Tuesday, April 13, 2010

Truth: Interdisciplinary?

A peculiarity of the truth in academia is that it seems to be discipline-specific. One of the more uncanny experiences arising from any lengthy interdisciplinary sojourn is the repeated necessity for exchanging one's epistemological currency nearly every time one crosses an academic border. It is a bit as if knowledge in university departments were still mostly a feudal affair, with each tiny duchy self-authorized to issue its own coin of the realm and raise its own taxes on any intellectual traffic passing through its territory.

This peculiarity obtains not only across the infamous chasm between the "two cultures" of the sciences and humanities, but also across many of the sciences themselves. Even within closely related disciplines, such as the experimental social sciences, the truth-value of data often bears a certifying stamp specific to a particular, local tradition. Which are more reliable, for instance, data acquired from experimental subjects who did not know what the experiment was actually about (as is typical in social and cognitive psychology), or data acquired from fully informed experimental subjects motivated by immediate cash reward (as is de rigeur in behavioral economics)? The conundrum lies not so much in any profound metaphysical differences as in the different traditions of assuming that certain kinds of information are better than others, when such traditions often define each discipline's sense of its own unique mission.

Is it any wonder then, that it becomes difficult to measure how much research is interdisciplinary at all? The thought crossed my mind after reading the previous post (see below), on the curious contradiction between the assertion of policymakers as "an article of faith" that interdisciplinary research will be crucial to tomorrow's world and the "fuzzy definition of an interdisciplinary program" that confounds the measurement of interdisciplinary activity.
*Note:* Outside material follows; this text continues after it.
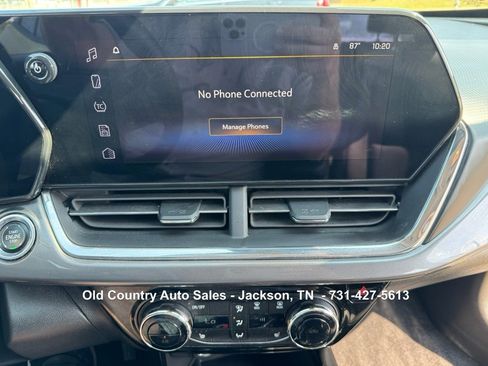 Used 2024 Chevrolet Trax ACTIV w/ Sunroof Package image 35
It also led me back to the questions raised in earlier posts (just a little further below) about whether and how the data and theory of the evolutionary neurosciences would revolutionize literary criticism. Until and unless literary critics and neuroscientists forge a common currency as to what counts as true--or at least as importantly true--the disciplines may poach information or ideas from each other but remain more or less locked up behind their castle walls.